RDC : A l’UNISIC, Patrick Muyaya dénonce la prospérité du Rwanda issue du pillage

Le processus de pacification de la République démocratique du Congo (RDC) continue d’alimenter le débat public. Ce jeudi 31 juillet 2025, à l’Université des Sciences de l’Information et de la Communication (UNISIC), ex-IFASIC-ISTI, une conférence-débat a permis d’aborder un sujet sensible : la prospérité économique du Rwanda, perçue par Kinshasa comme le fruit d’un pillage systématique des ressources congolaises.

« Une prospérité bâtie sur le sang et les minerais congolais » 

Lors de son intervention, le ministre de la Communication et Médias, Patrick Muyaya, n’a pas mâché ses mots : « La prospérité visible aujourd’hui au Rwanda résulte d’un pillage systématique des ressources de l’Est de la RDC ».

Selon lui, depuis le génocide de 1994, les autorités de Kigali ont mis en place un mécanisme de déstabilisation durable de la RDC à travers plusieurs mouvements politico-militaires, dont l’AFDL (Alliance des Forces démocratiques pour la libération du Congo), le RCD (Rassemblement congolais pour la démocratie), et bien d’autres.

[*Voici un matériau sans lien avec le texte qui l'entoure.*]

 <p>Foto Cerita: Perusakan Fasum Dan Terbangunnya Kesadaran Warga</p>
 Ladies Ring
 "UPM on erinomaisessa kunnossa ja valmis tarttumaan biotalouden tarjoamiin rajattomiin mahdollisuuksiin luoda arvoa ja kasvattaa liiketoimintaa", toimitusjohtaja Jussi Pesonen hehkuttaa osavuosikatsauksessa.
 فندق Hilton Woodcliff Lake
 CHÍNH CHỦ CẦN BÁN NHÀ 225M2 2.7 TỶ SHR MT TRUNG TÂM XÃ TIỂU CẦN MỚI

« Ces groupes ont servi de bras armés à une stratégie régionale d’occupation et d’exploitation illégale de nos ressources naturelles », a ajouté le porte-parole du gouvernement congolais.

Un enjeu régional, un conflit enraciné 

Les propos du ministre s’inscrivent dans une analyse géopolitique plus large. Depuis plus de deux décennies, la région des Grands Lacs est en proie à une instabilité chronique. Mais pour Kinshasa, les tensions ne relèvent pas d’un simple différend frontalier, mais bien d’un système structuré de prédation économique.

« Le conflit à l’Est n’est pas une guerre tribale ou locale. C’est une guerre de survie nationale face à une entreprise de pillage régionalisée », a insisté Muyaya.

L’université comme lieu de mobilisation intellectuelle et patriotique

Cette conférence à l’UNISIC s’inscrit dans le cadre d’un cycle de rencontres citoyennes visant à mobiliser les jeunes autour des enjeux de mémoire, de souveraineté et de justice. Des étudiants, des chercheurs, des journalistes en formation, ainsi que des membres de la société civile ont pris part à cet échange. Objectif : déconstruire les récits imposés, et faire émerger une conscience collective autour des causes profondes de l’insécurité à l’Est du pays.

La paix ne se négociera qu’au prix de la vérité

Alors que les pourparlers diplomatiques se poursuivent sur la scène internationale (notamment à Washington et Doha), le gouvernement congolais semble durcir le ton : pas de paix sans justice, pas de stabilité sans réparation.

« On ne peut pas construire la paix sur le mensonge et l’amnésie collective. Le Congo doit se raconter et se défendre avec ses propres mots », a conclu Muyaya, dans un appel à la souveraineté narrative.

Vers une génération de narrateurs responsables 

L’événement à l’UNISIC s’est clos sur un message fédérateur scandé par les participants : Congolais Telema ! Tout Pour La Patrie ! Bendele  EkweyaTe !

Un cri du cœur, symbole d’une jeunesse prête à défendre l’histoire, les ressources et la dignité de la RDC.